ШЕЛ ОКТЯБРЬ 1993 ГОДА.
Не прошло еще и двух полных лет демократического развития суверенной
России, а в центре Москвы уже били танки.
Где-то в темном кабинете, откуда истерически звал на помощь Руцкой,
среди вороха разбросанных по столу бумаг, лежал приказ об аресте и расстреле
президента Ельцина, об аресте всех членов его семьи в лучшем духе старых
коммунистических традиций.
Сквозь треск помех работающей на прием рации прозвучал знакомый голос:
"Руцкой, сдавайся!".
Бывший вице-президент всхлипнул в микрофон: "А если сдамся, то
расстреляете? А? Убьете?".
"Там посмотрим, - сказал голос. - Что с таким пидаром и козлом делать?
Ты же застрелиться обещал".
"X... вам! - зло завопил Руцкой. - Не дождетесь, е... вашу мать, чтобы
я застрелился. Я еще всю правду расскажу про вас всех!"

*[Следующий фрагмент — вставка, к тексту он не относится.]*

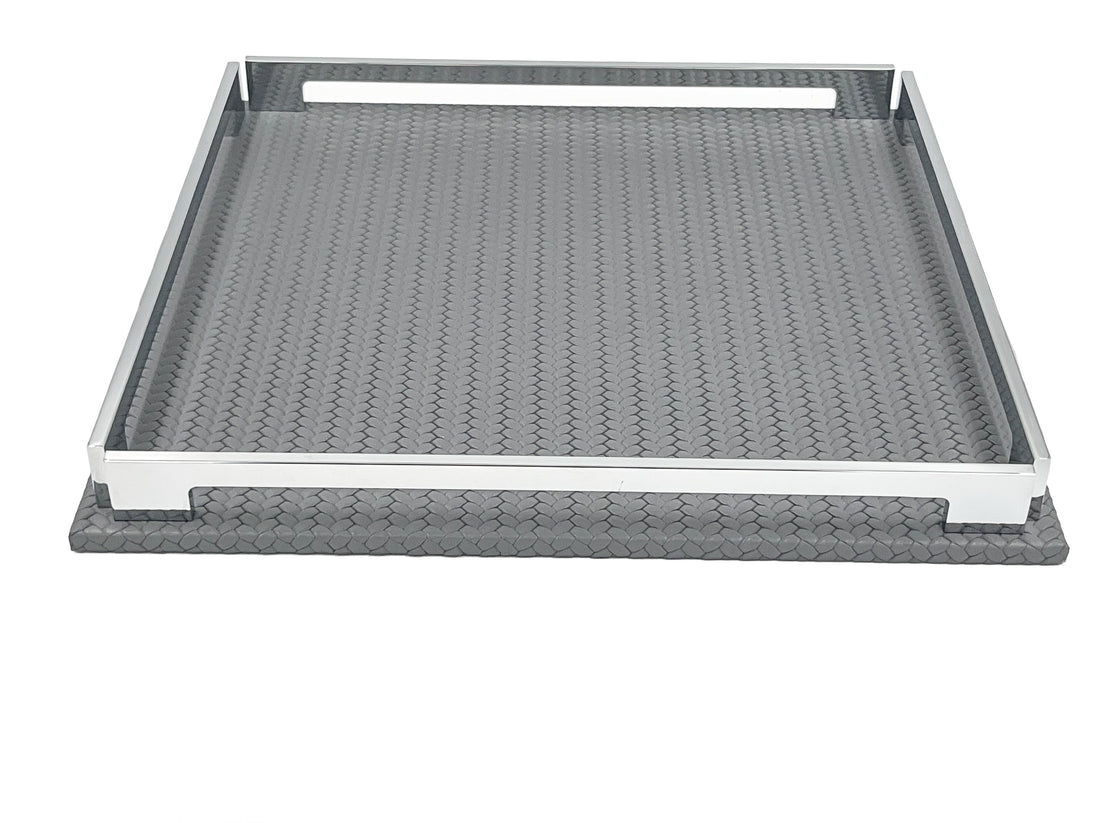 Grey 37 × 37 cm tray at a low angle, front rail raised above the woven leather floor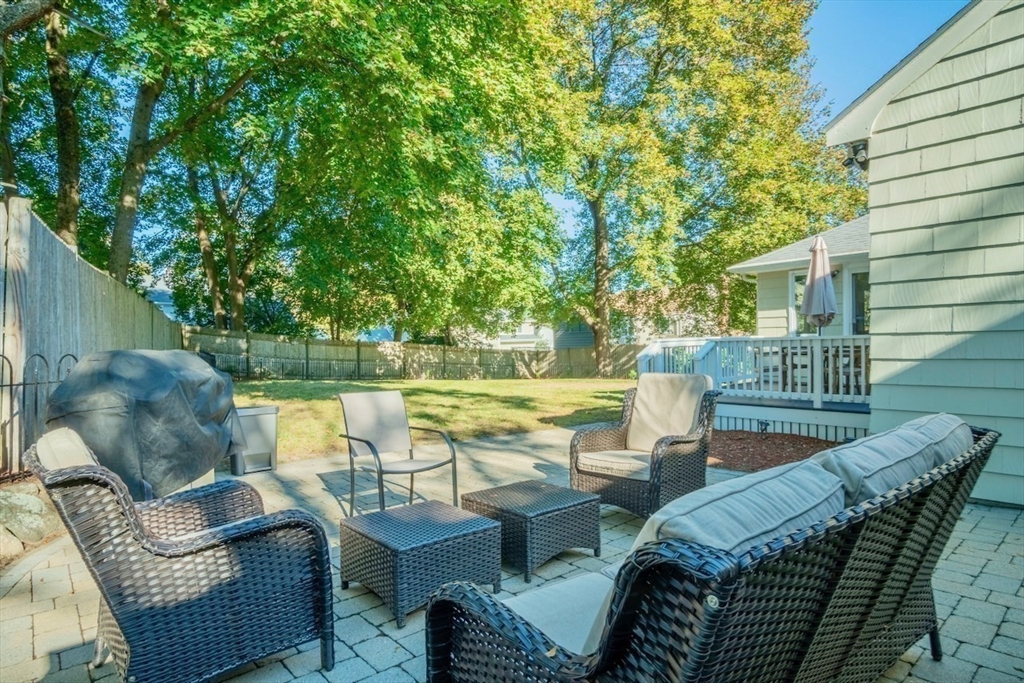 3 Elliot Road Lynnfield, MA 01940 - Photo 18 of 42 a view of a patio with couches table and chairs under an umbrella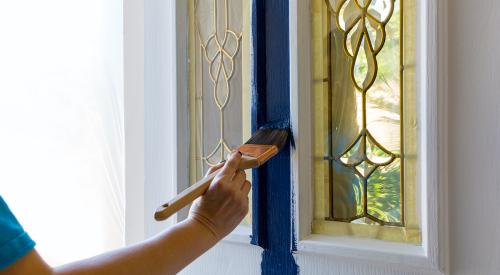 Person painting a front door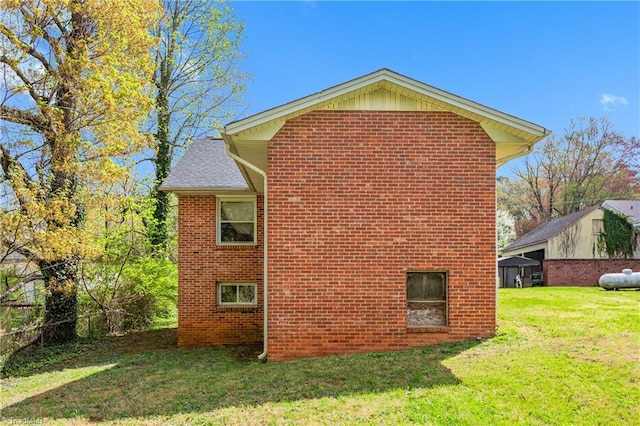4478 Ogburn Ave, Winston-Salem, NC 27105 - view of side of home featuring a yard and brick siding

Вместо ответа из рации неожиданно грянула песня: "Дождливым вечером,
вечером, вечером, когда пилотам, прямо скажем, делать нечего..." Слезы текли
по щекам Руцкого.
"Виктор, - продолжал он истерически кричать в микрофон, - ты меня
слышишь, е... твою мать?! Ты за все мне ответишь, тварь!"

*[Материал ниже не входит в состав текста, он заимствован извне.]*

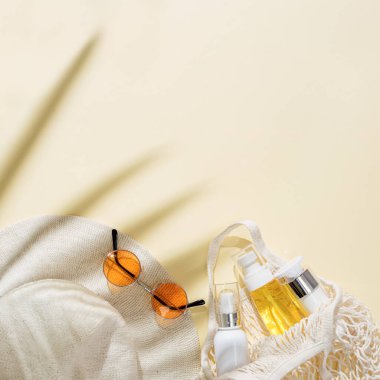 Güneş şapkası, renkli güneş gözlüğü ve kumlu arka planda beyaz şişede kozmetik ürünler olan yaz minimumu. Yaz konsepti pastel renkli estetik fotoğraf.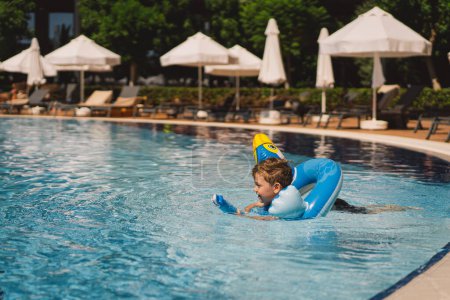 Ein Junge mit freudigem Gesichtsausdruck schwebt an einem sonnigen Tag in einem Schwimmbad und benutzt einen Schwimmkreis, der wie ein blauer Vogel aussieht..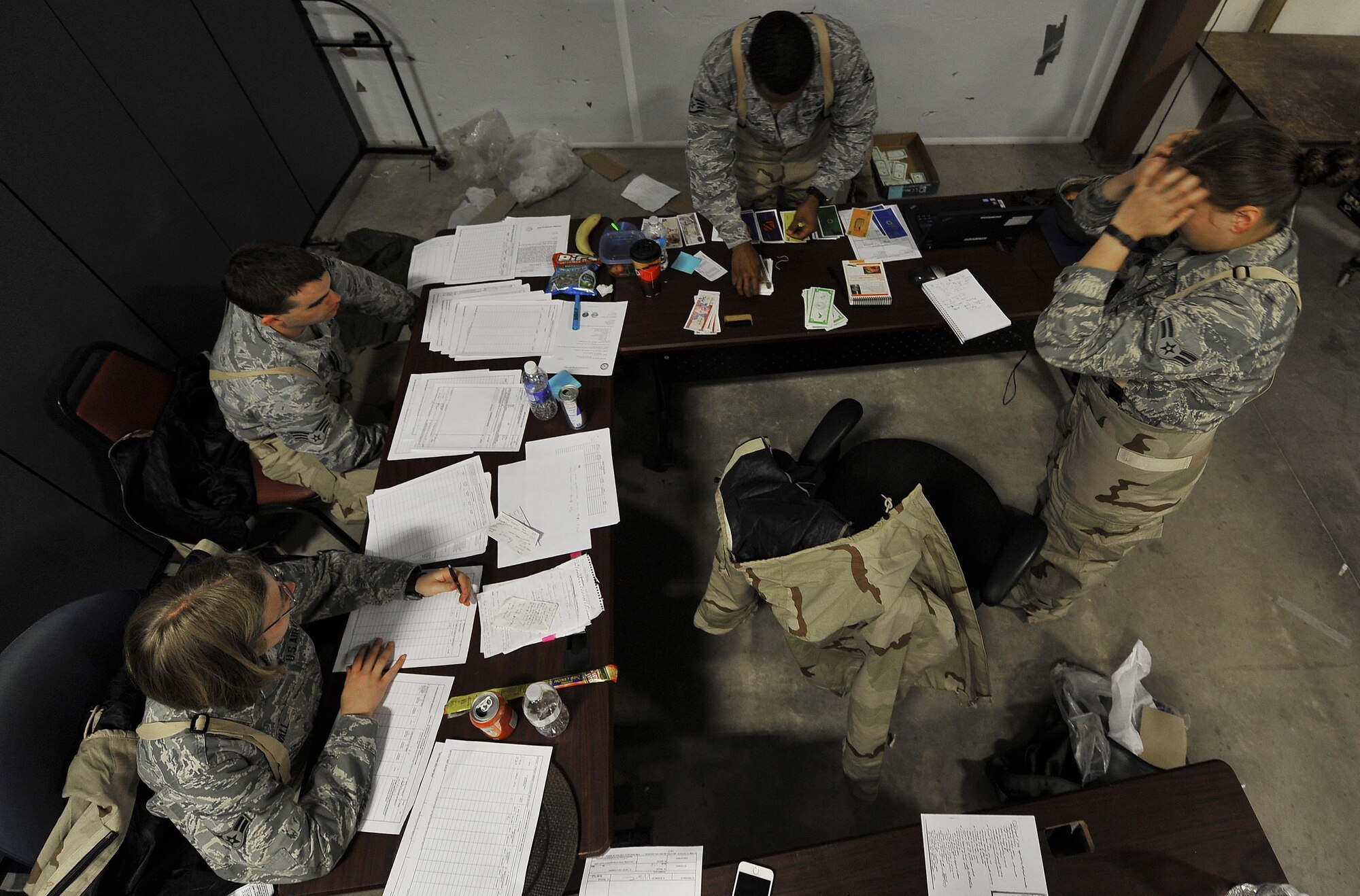 Airmen from Eglin Air Force Base, team ‘Bounty Hunters,’ assigned to the 96th Comptroller Squadron, inventory their resources during the Financial Management Warrior exercise on Hurlburt Field, Fla., June 6, 2015. The exercise is based on ‘Top Dollar,’ a finance exercise from the 1990’s, and is anticipated to become an annual or semi-annual training event for Eglin and Hurlburt Airmen. (U.S. Air Force photo/Airman Kai White)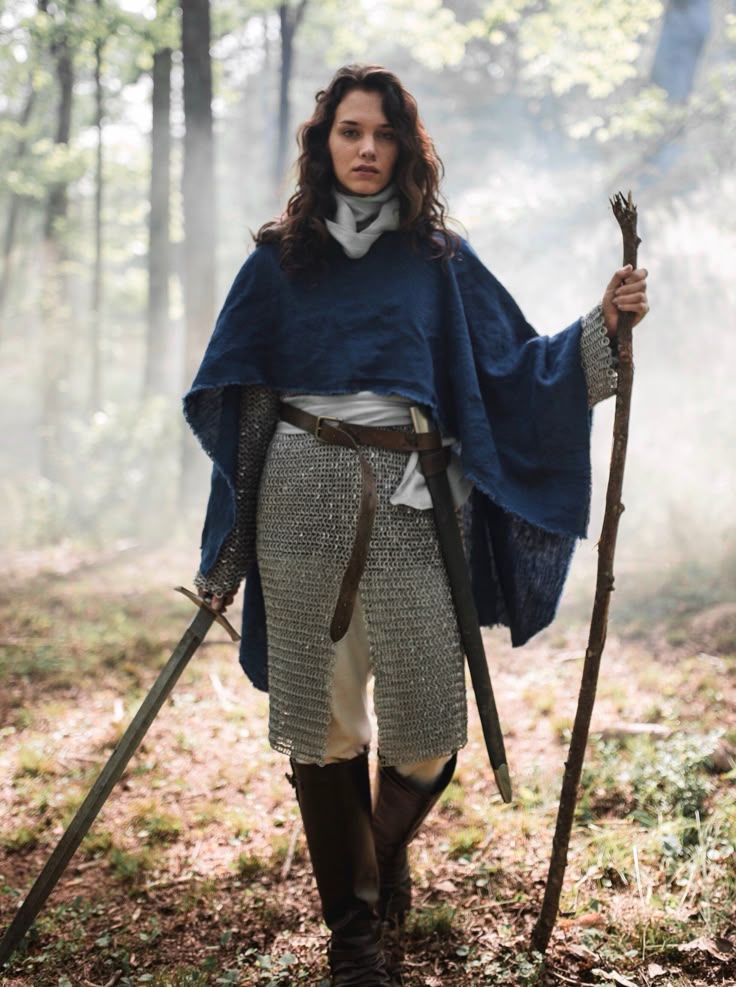 a woman in medieval attire stands in a forest. she wears chainmail, a blue tunic, boots, and a belt. she carries a sword and a staff, and appears to be a warrior or adventurer.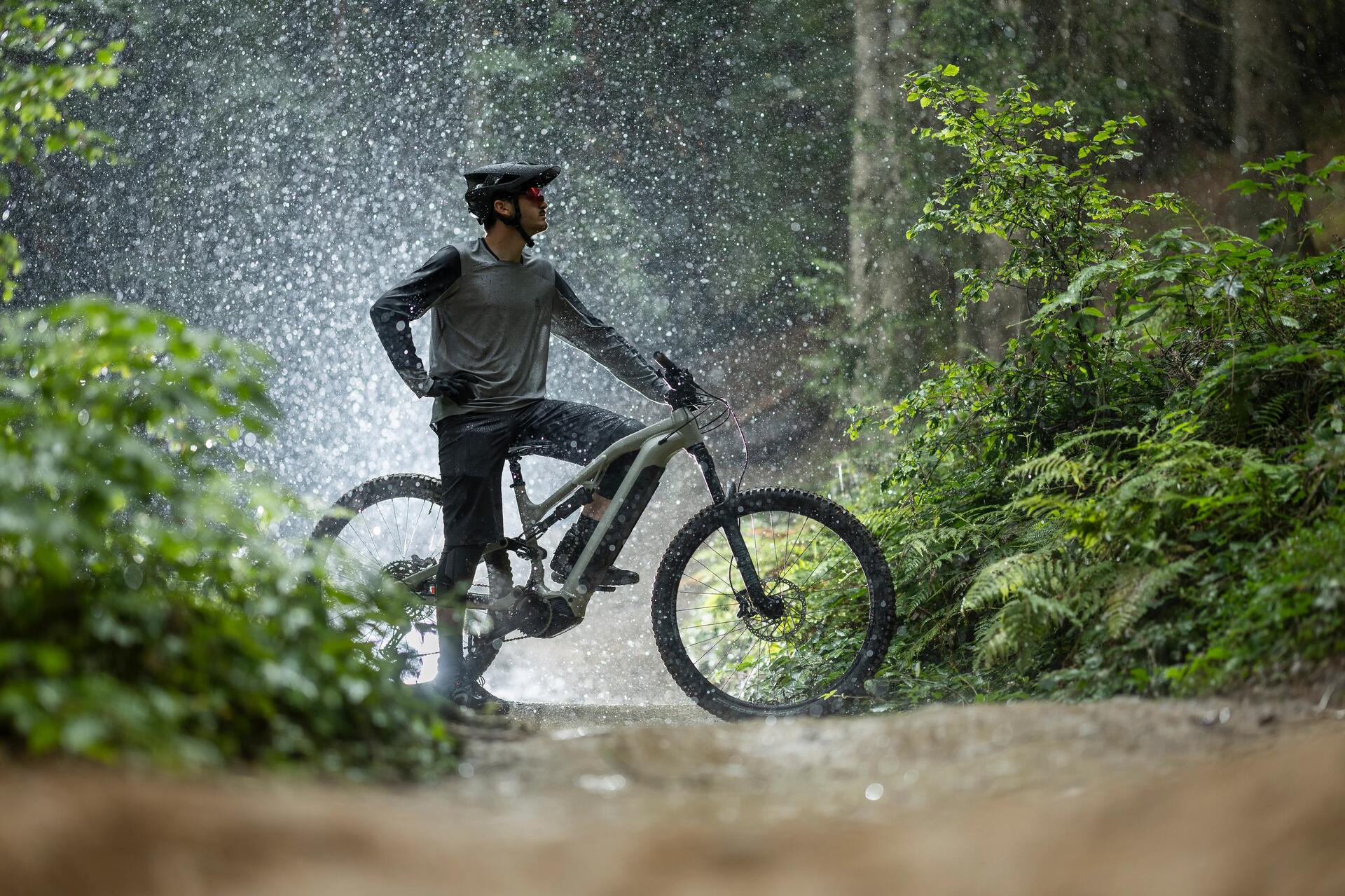mężczyzna w kasku i odzieży sportowej siedzący na rowerze elektrycznym w lesie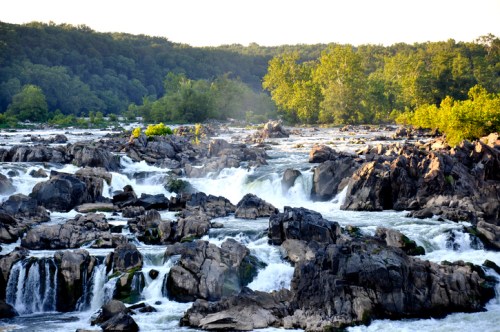 A scenic view of a waterfall cascading over rocky terrain, surrounded by lush green trees and a clear blue sky.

"Отвечу, - согласился голос. - Ты выйди, дурак, на балкон. Там 10
дивизий, которых ты ждешь, пришли к тебе присягать. Долго они ждать будут?
Давай, сдавайся. Мы знаем, где ты сидишь. Сейчас из танка тебя приголубим
так, что и хоронить будет нечего. Ты понял?".

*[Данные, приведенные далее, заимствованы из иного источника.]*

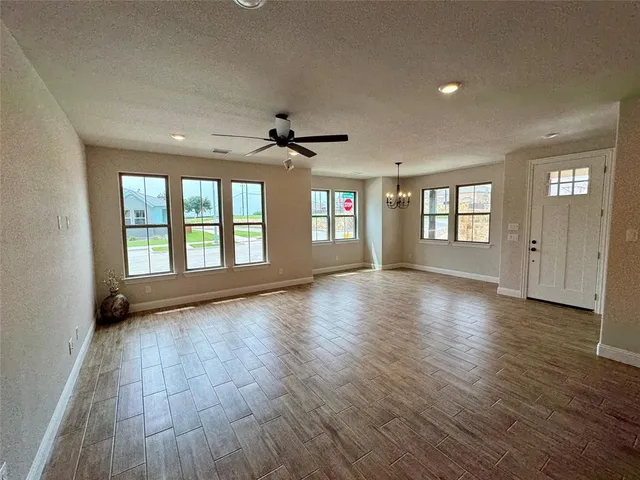 a view of an empty room with window and wooden floor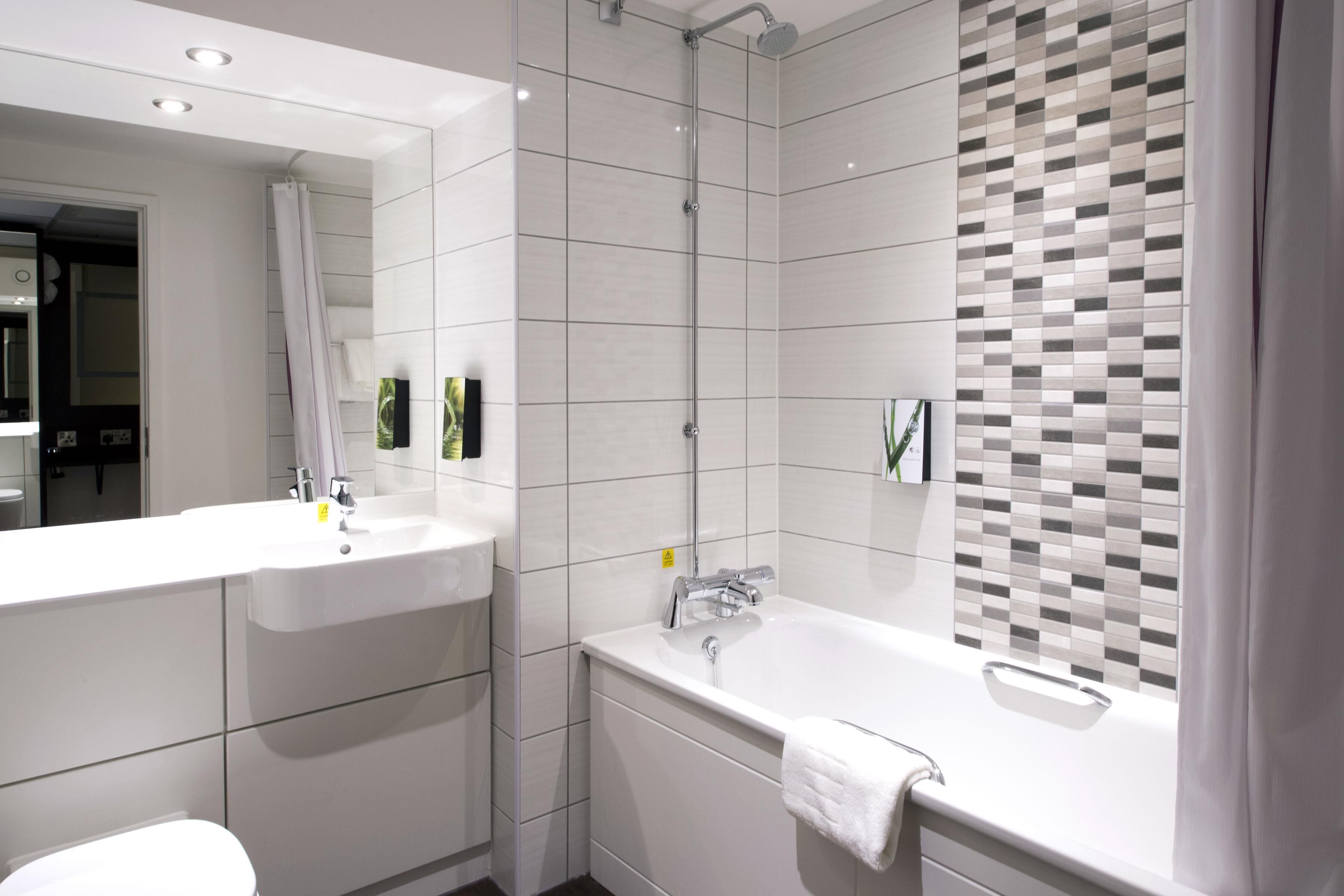 Une salle de bain moderne avec un grand miroir, deux lavabos, une baignoire et une douche.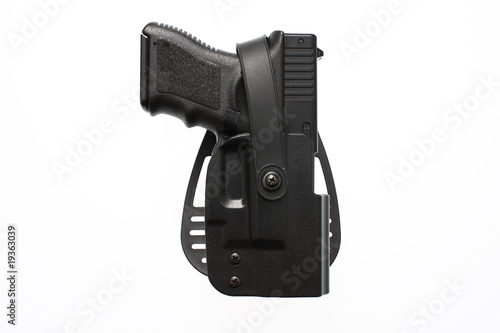 A pistol in a hard case holster
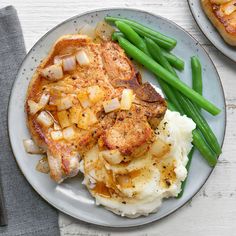 a plate with mashed potatoes, green beans and meat on it next to a fork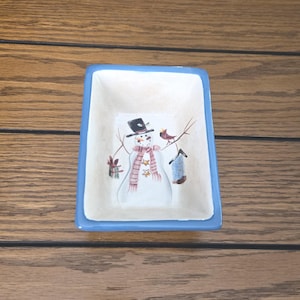 May include: A rectangular ceramic dish with a light blue border. The interior features a hand-painted snowman wearing a black top hat and a pink scarf. A bird and a birdhouse are also painted on the dish.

Неожиданно ожил стоявший на полу селектор. Голос Сергея Парфенова, как
всегда, спокойный, доложил: "Альфа" в здании".
Руцкой схватил трубку радиотелефона и, тяжело дыша, стал набирать код
из четырех цифр. Никто не отвечал.
Снова раздался голос Парфенова: "У них приказ стрелять на поражение,
если мы окажем сопротивление. А потом поди разбери, оказывали мы
сопротивление или нет".
Наконец, телефон ответил, и Руцкой, захлебываясь срывающимся голосом
закричал: "Валера, это ты, е... твою мать? Ты что, скрылся? Помоги,
погибаем. Что?"
"Сдавайся, Саша, - мягким голосом посоветовал председатель
Конституционного суда России Валерий Зорькин. - Не получилось на этот раз.
Сдавайся".
"Как сдаваться, - орал в трубку Руцкой. - Валера, я только что послал с
белым флагом - располосовали людей. Потом подошли и в упор добили. Ведь тот
же Ерин дал команду: свидетелей не брать. Они знают, что у нас звукозаписи
есть, видеозаписи, начиная со второго числа: кто давал команды, когда давал
команды, где стреляли, как убивали людей. Неужели ты не понимаешь, мы -
живые свидетели! Они нас живыми не оставят. Я тебя прошу, звони в
посольства. Посади человека, пускай звонит в посольства...".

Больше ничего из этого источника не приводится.